▶ [PROMPT] Character for character, reproduce every entry below.

═════ EXERCISE MATERIALS ═════

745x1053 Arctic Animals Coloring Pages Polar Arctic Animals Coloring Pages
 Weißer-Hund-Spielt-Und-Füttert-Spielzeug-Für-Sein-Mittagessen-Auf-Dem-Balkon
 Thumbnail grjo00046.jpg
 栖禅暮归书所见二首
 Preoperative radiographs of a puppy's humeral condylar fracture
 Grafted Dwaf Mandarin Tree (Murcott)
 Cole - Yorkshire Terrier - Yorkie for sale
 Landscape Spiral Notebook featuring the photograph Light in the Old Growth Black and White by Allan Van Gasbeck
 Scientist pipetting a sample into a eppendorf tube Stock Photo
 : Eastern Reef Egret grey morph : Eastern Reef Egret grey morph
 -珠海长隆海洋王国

═════

▶ [SOLVED PROBLEM]
745x1053 Arctic Animals Coloring Pages Polar Arctic Animals Coloring Pages
 Weißer-Hund-Spielt-Und-Füttert-Spielzeug-Für-Sein-Mittagessen-Auf-Dem-Balkon
 Thumbnail grjo00046.jpg
 栖禅暮归书所见二首
 Preoperative radiographs of a puppy's humeral condylar fracture
 Grafted Dwaf Mandarin Tree (Murcott)
 Cole - Yorkshire Terrier - Yorkie for sale
 Landscape Spiral Notebook featuring the photograph Light in the Old Growth Black and White by Allan Van Gasbeck
 Scientist pipetting a sample into a eppendorf tube Stock Photo
 : Eastern Reef Egret grey morph : Eastern Reef Egret grey morph
 -珠海长隆海洋王国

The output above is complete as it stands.